See you in September.

Brick

Artless

What an excruciatingly dull time this is turning out to be. Everything is anger and agitprop, and the not particularly bright people on all sides have found their voices and shout down all shades of in between. You know what the news will say before you turn it on, you know what opinions people will have before they utter them, you know how every movie will end. Everything is political, objectivity is betrayal, shading is cowardice. I’ve always thought times like this would be exciting and brilliant, but no, it’s just angry and artless jabbering.

Get off our lawns

By 2040 seventy percent of Americans will live in fifteen states, which means that the population of the thirty five least populated states will have a super majority of seventy seats in the Senate. So a political party that has most of the senators from those thirty five states combined with a few of the larger states could have a lock on the Senate and prevent the other party from passing any legislation at all, even if the other party had a majority in the House and the presidency. It could also block all supreme Court appointments, cabinet picks, and treaties.

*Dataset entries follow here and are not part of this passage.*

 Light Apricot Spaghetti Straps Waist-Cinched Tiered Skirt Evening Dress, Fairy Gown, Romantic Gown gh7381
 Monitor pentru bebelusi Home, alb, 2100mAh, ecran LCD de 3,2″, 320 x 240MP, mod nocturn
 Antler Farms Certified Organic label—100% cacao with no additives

I imagine there will be a renewed interest in John C. Calhoun’s doctrines of the concurrent majority and nullification. They might even put his statue back up.

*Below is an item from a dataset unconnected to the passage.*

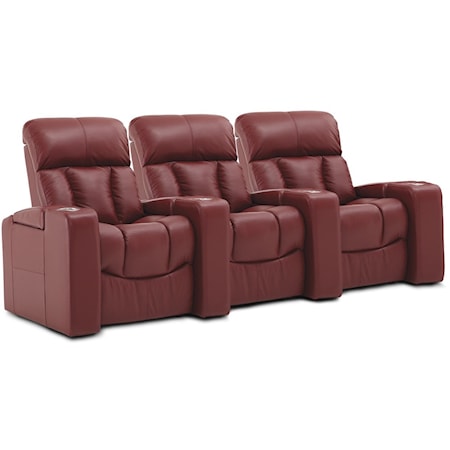 3-Seat Power Reclining Home Theater Sectional with Power Headrests, USB Ports, and Color-Changing LED Lighting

And then there’s this: by 2060 (I’ll be a spry 103, repeating myself on Geezerbook) one of every four American voters will be over 65. That’s not one of every four registered voters, or one of every four people of voting age, but one of every four people who actually vote. Over seventy per cent of people over 65 vote. The number of voters drops by age. Under thirties vote about 40-45 per cent of the time. This was true when people over 65 now were in their twenties as well (though they won’t admit it now. They were clean and respectful too.) Which means that if this voting trend continues as it always has, combined with the continuing decline in the birth rate (there has never been this few children as a proportion of the population as now) and increase in lifespan (people live an election cycle longer now than they did forty years ago) by 2060 about one out of every three voters will be over sixty. A virtual gerontocracy. Lawns will be kept off of by law.

To tie these paragraphs together, the states where the proportion of the population over 65 is growing and that under thirty is shrinking are almost all (if not all) among the 35 least populated. And I once looked at a map that showed the counties where the population was aging in red and those where the population was growing younger in blue. Then I looked at a map of the counties in the 2016 election, Trump’s in red, Hillary’s in blue. It was remarkable how similarly the colors were distributed on both maps. The older the county’s residents, the more likely Trump won it’s vote. But is this an age thing, or a generational thing? I’ll never know.

(Apologies for the lack of links to sources but I’m a dumb guy on a smart phone. When I get back on the computer I will add sources.)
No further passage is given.